Al llegar a la montaña del dolor y de la traición, Jesús divide a los suyos en tres grupos. A los primeros, los deja sentados, diciéndoles que recen. Toma consigo a Pedro, Santiago y Juan, los dos hermanos, y los sitúa un poco más lejos, pidiéndoles que velen, mientras él se aleja aún más para orar y pedir al Padre que, de ser posible, aleje de él el cáliz amargo que está a punto de beber. Los sentados, los que velan y el maestro solitario: así han de situarse nuestras fuerzas espirituales en la hora final. Jesús los dispuso así para que no cayeran todos en la misma emboscada que iban a tenderles los hombres de la sinagoga. Si el Maestro ha de ser aprisionado, si ha de fundirse en las tinieblas para que en ellas pueda penetrar la luz, es preciso que sus discípulos permanezcan para testimoniar de su obra.
A cualquiera que desee ser discípulo del Maestro le toca seguir el mismo recorrido, y en el momento final de ese camino, cuando la persona ya ha establecido comunicación con el Padre, cuando ha elevado la vista hacia el cielo, cuando ha observado el perfecto discurrir del cosmos y le ha sido explicada su organización; cuando ya no pertenece al mundo, tiene que dejar algo de sí mismo en el mundo. Nuestro ser espiritual debe dividirse en tres partes, como de tres partes se compone la divinidad.
En el sacrificio que se aproxima, solo la parte correspondiente al aspecto Hijo debe ser aprehendida; es decir, lo que hay en nosotros de amor-sabiduría, y que corresponde al segundo aspecto de la divinidad, a Hochmah. En efecto, una parte de nuestro ser espiritual ya está asentada en el mundo, es la parte que corresponde a Binah, representada en esta noche por el grupo de los sentados. Esta parte ha de permanecer bien anclada y vigilante, imbuida de las leyes que Binah enseña.

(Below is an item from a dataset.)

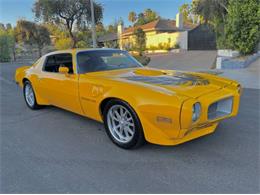 1973 Pontiac Firebird (CC-2103799) for sale in Cadillac, Michigan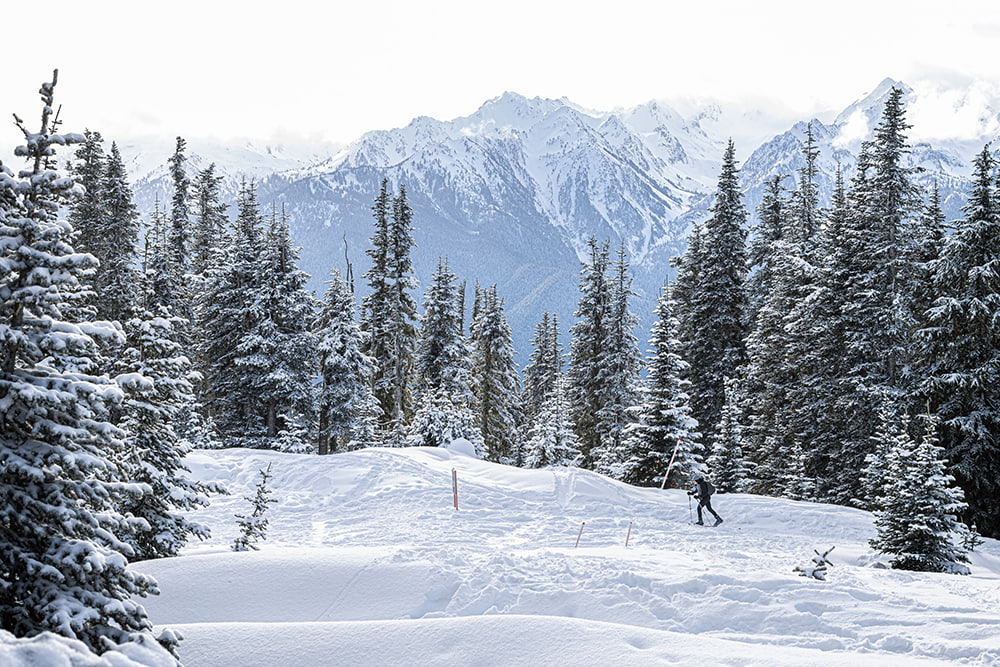 A snowshoer in Olympic National Park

La otra parte, la que permanece en vela, representa la que aún no ha sido ejercida, o sea la voluntad creadora, atributo del Padre que todavía requiere de más desarrollo en nosotros. Por ello, como veremos en la secuencia siguiente, esa parte se duerme en lugar de velar. La parte representada por Cristo es la que hemos estado desarrollando a lo largo de nuestro historial sagrado y, por consiguiente, es la parte que debemos difundir en el mundo, es ese aceite que debe ser derramado sobre todos los alimentos para que forme parte intrínseca de ellos. Es preciso que esa porción de amor-sabiduría penetre en la tierra para hacerla propicia al florecimiento de nuevas simientes. Cuando este sacrificio del amor se haya consumado, cuando Tierra y Amor sean una misma cosa como lo son las lentejas y el aceite que tenemos en el plato de nuestra mesa, entonces ya no será posible amar un producto en particular de esta Tierra, porque, al estar nuestro amor disuelto en ella, la amaremos en su totalidad. El amor difuso hacia todo nos convierte en una fuente de amor, cuyas aguas, en su transcurrir, lo fecundan todo sin que se pida a la vida nacida de esas aguas un tanto por ciento de los beneficios obtenidos con ella: somos el manantial que da sin recibir nada a cambio.